Back at the trailhead, I had to carefully change back into my sneakers, peel off the soaked gloves and muddy helmet, load the bike and ease my sore self into the truck. It's always something.

You'd think I'd learn at my age that I'm not 25 anymore and this kind of stuff is probably pretty stupid...but how good is a story about tripping over your slippers? I've just gotta work on the bunny-hop...

Friday, April 7, 2017

The Black

I've been watching a lot of traffic on Facebook and elsewhere lately wanting everyone to share a phone number for a Suicide Hotline. I won't say it's wrong but seeing it from a slightly different perspective, I would say that a far, far better idea is to look around you. Look closely.

There's this place that I call 'The Black'. It's not a real place and I can't actually describe it but I know it's there. It kills hope. It kills people. 

Who do you see who hasn't been around much lately? Who hasn't called in a long time? Who has been avoiding you? Who's having trouble at home? Or work? Or who seems ok but somehow you know really isn't?

Think. Hard. That one you haven't heard from may be the one in the Black. That one will not call a hotline. That one is sure it's already too late. That one may already have a plan and a goal and is waiting just long enough to convince themselves that the time is now. 

Or that one has no plan at all. They're only one little nudge away from never coming back.

Or that one will come to believe that nothing else matters and no one else cares and so will go into The Black alone. 

Suicide is all about being alone. So alone that you no longer fear anything except another day. So alone that hurt is all you know and you'll do anything to make it stop. Think about that. Being alone kills people.

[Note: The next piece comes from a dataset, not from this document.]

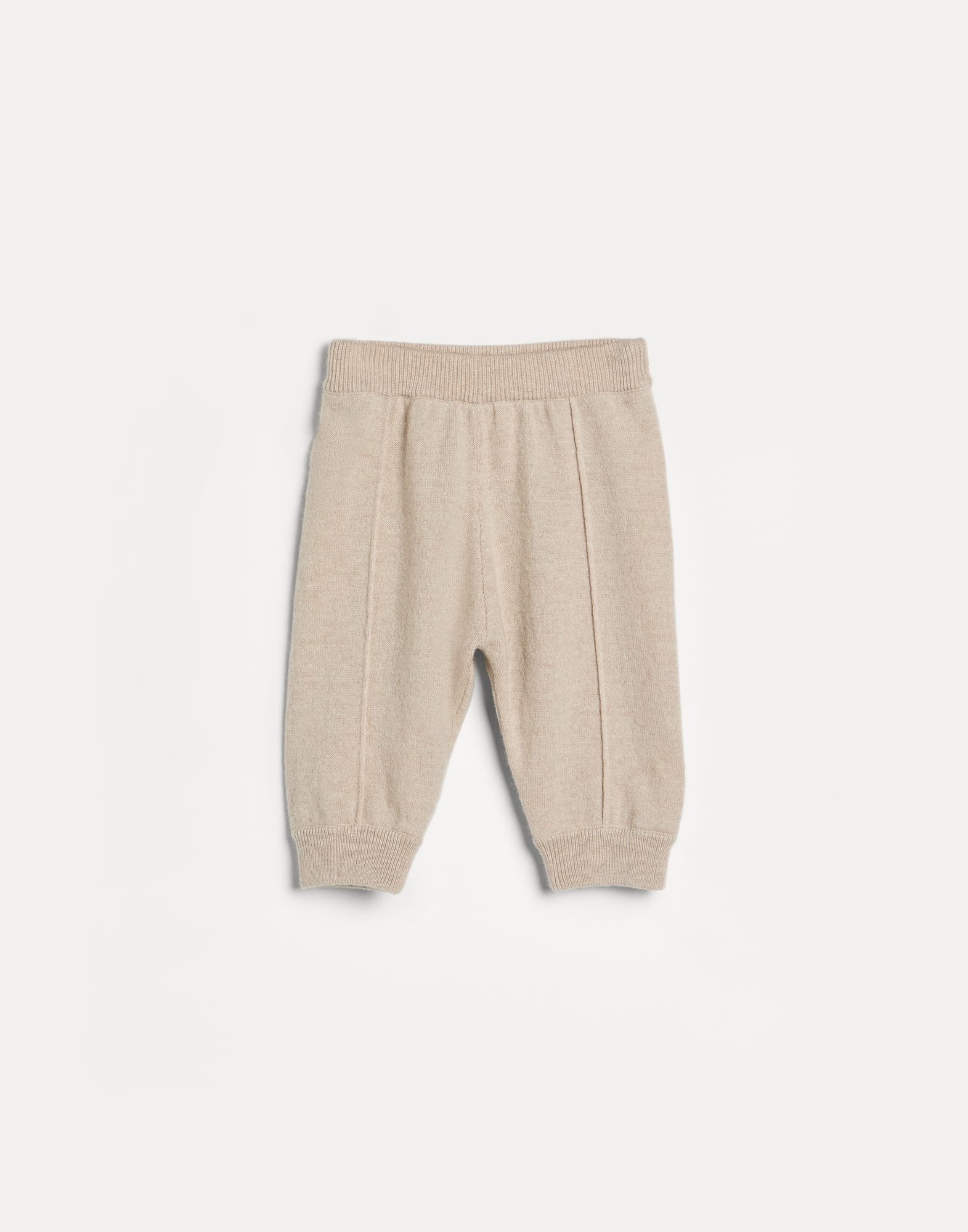 Bernie Baby cashmere trousers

Nothing will stop that one missing person except maybe, just You have a power that no stranger on the other end of a phone can ever have. The power to be a friend, an ear, a shoulder. Trust me in this. 

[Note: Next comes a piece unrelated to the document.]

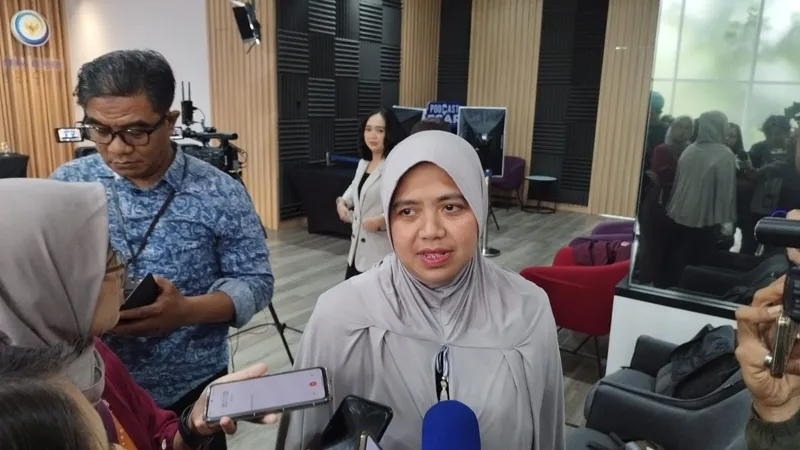 Kartika Listriana, Dirjen Penataan Ruang Laut KKP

Posting a number on your social media isn't necessarily a bad thing and maybe it'll help someone somehow but the one really looking down the barrel probably isn't reading Facebook. They don't want to see how happy everyone else there is; how wonderful their lives and kids and spouses and homes and jobs are. It's all an illusion that only makes it harder to breathe. They don't want to know. 

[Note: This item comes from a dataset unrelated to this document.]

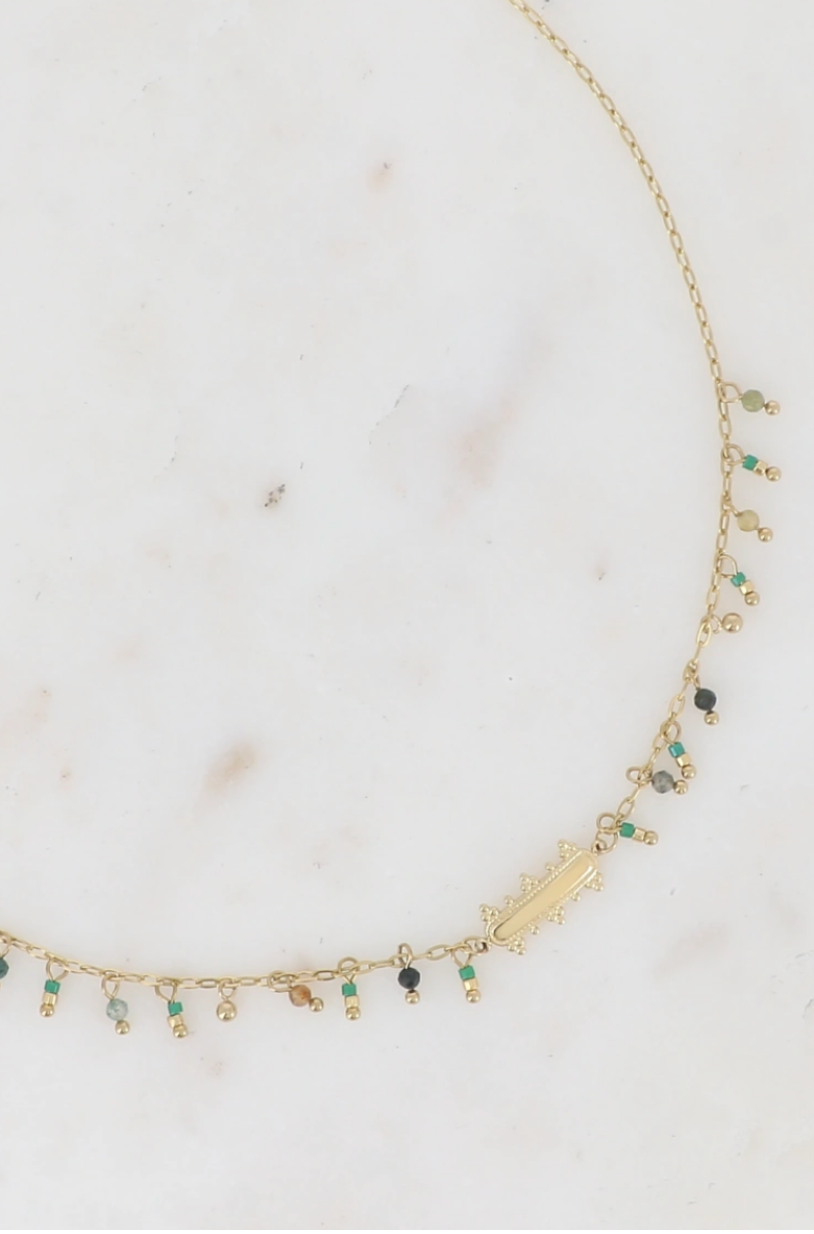 Miniature : Collier Filipa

They've heard that suicide is 'the easy way out'. They know you think it's selfish and cowardly and a sin. They know you think they don't care about anyone else. And they know you're wrong but they're so lonely and afraid that none of it matters anymore. They know that life hurts so much that they're willing to leave it.

What they really need to know is that they're not alone. They need you. Not to tell them to suck it up or look on the bright side. Or say you know how they feel because to them at that moment, no one can.

Don't tell them to do anything because where they are, they can't. Just be there and watch out for them. Hug them while they cry. Help them any way you can.

Call the number yourself if you have to because it's pretty likely...they won't. They're afraid that if they call, they'll lose their job, lose their kids, lose everything and then it loops around to, "Why the hell should I call and make the misery even worse?"

It isn't logical. It isn't fair. It's The Black and it twists everything.

It makes a holiday into a nightmare; a birthday into regrets. Anniversaries become unbearable and sadness is the new normal. Pain is all there is in the world. It's The Black and it closes around you like a shell. Nothing gets in and nothing gets out. People in that place all die alone. 

So no, I suppose posting a number isn't wrong. Going on a walk to 'raise awareness' is probably ok too if you don't happen to be suicidal but believe me...people who are have already raised their awareness as high as it'll go. 

I know with all my heart that anyone looking down that road is not listening or looking at anything but an end. They need a human touch and a human voice. You, not an 800 number are suicide prevention.

Look around. Look hard. Someone needs you. They always will.